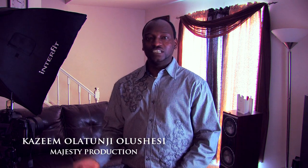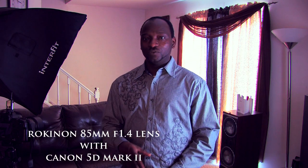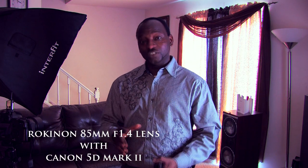Rokinon 85 1.4 — one of my viewers on YouTube told me to do a video instead of a photo slideshow, so that's the reason I'm doing this video, just to show the capability of the Rokinon 85 1.4. It's a good lens. It's manual, not automatic.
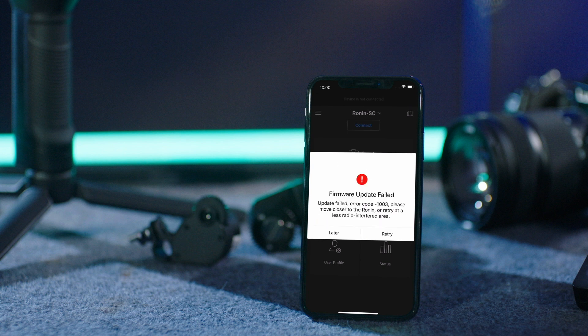If the update fails, restart the device and the Ronin app and try again. Thank you for watching.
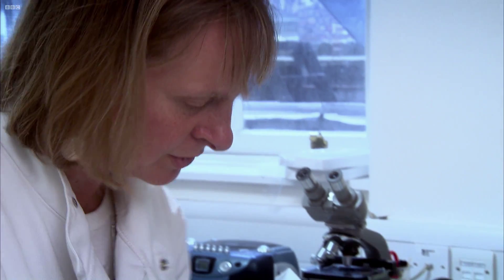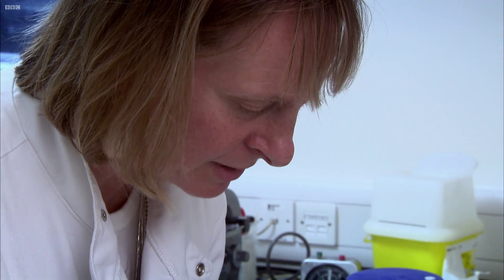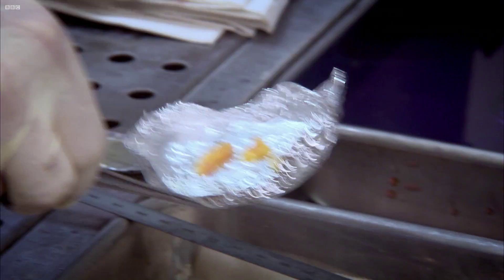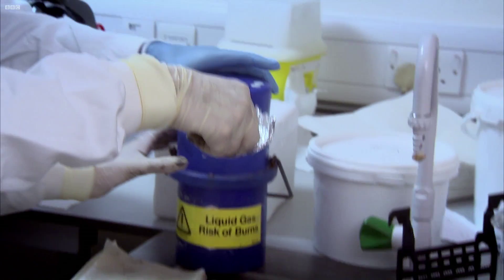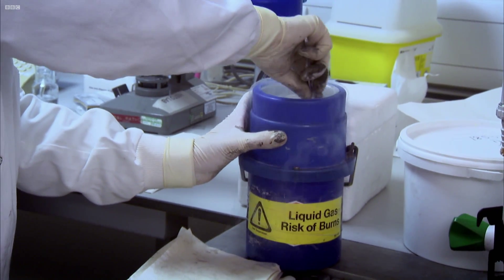The pieces are placed onto ordinary foil, which allows multiple pieces to be frozen simultaneously. They're then immersed into liquid nitrogen, which is super cold, so the tissue is instantly frozen.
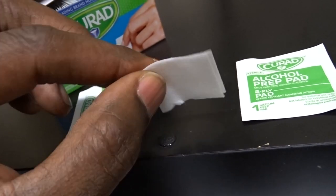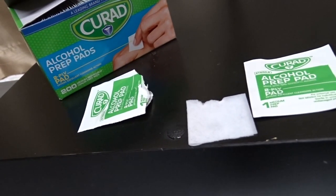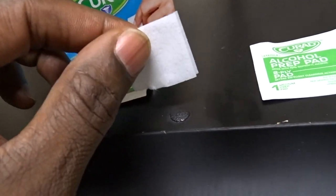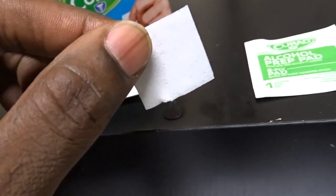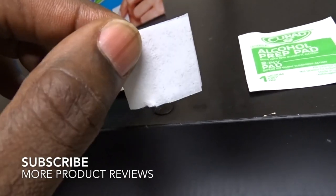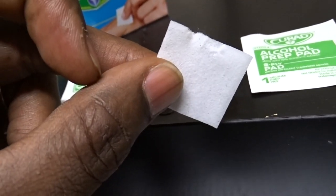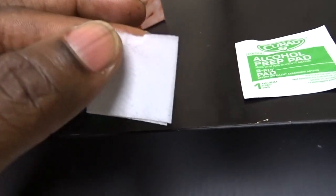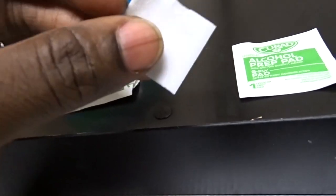These work really well — they're saturated just enough. I've tried certain brands that tend to be a little dry and not saturated enough with alcohol to get a really good clean done. Curad pads work really well; they clean the area properly and I usually use two of them before sticking a person with a needle.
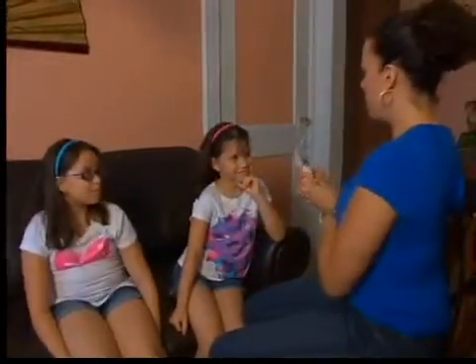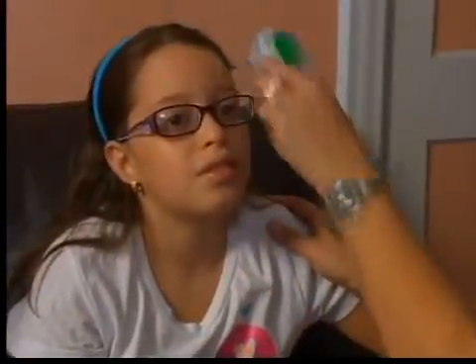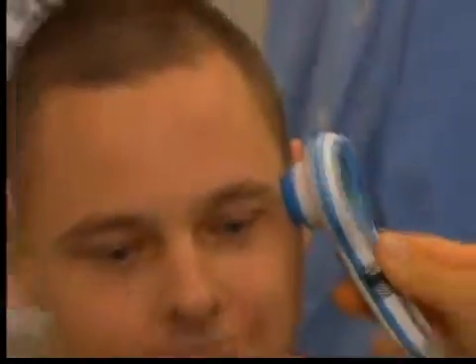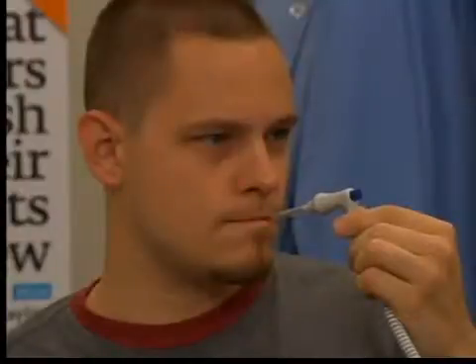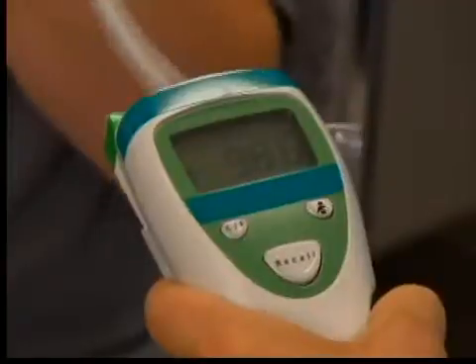Infrared thermometers are fast, but they're pricey, ranging from about $40 to $80. Back in the lab, testers assessed the thermometers for accuracy. They took the temperature of staffers without a fever, comparing those readings to ones from a professional medical-grade thermometer.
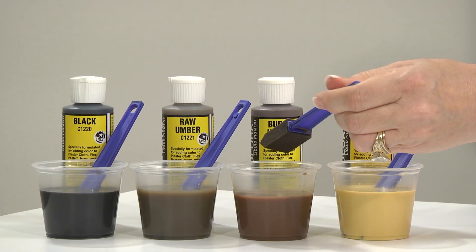Once your scenic cement has dried, now is the time to add your black wash. You'll want to cover your rock completely, allowing the black to flow into the cracks and crevices to accent them, giving it another element of realism.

→ WHAT IS EXPECTED
From the material above, give again exactly the lines from the one that contains "If the update" through the one that contains "The pieces are", and leave out the pictures.

→ EXERCISE SOLUTION
If the update fails, restart the device and the Ronin app and try again. Thank you for watching.
The pieces are placed onto ordinary foil, which allows multiple pieces to be frozen simultaneously. They're then immersed into liquid nitrogen, which is super cold, so the tissue is instantly frozen.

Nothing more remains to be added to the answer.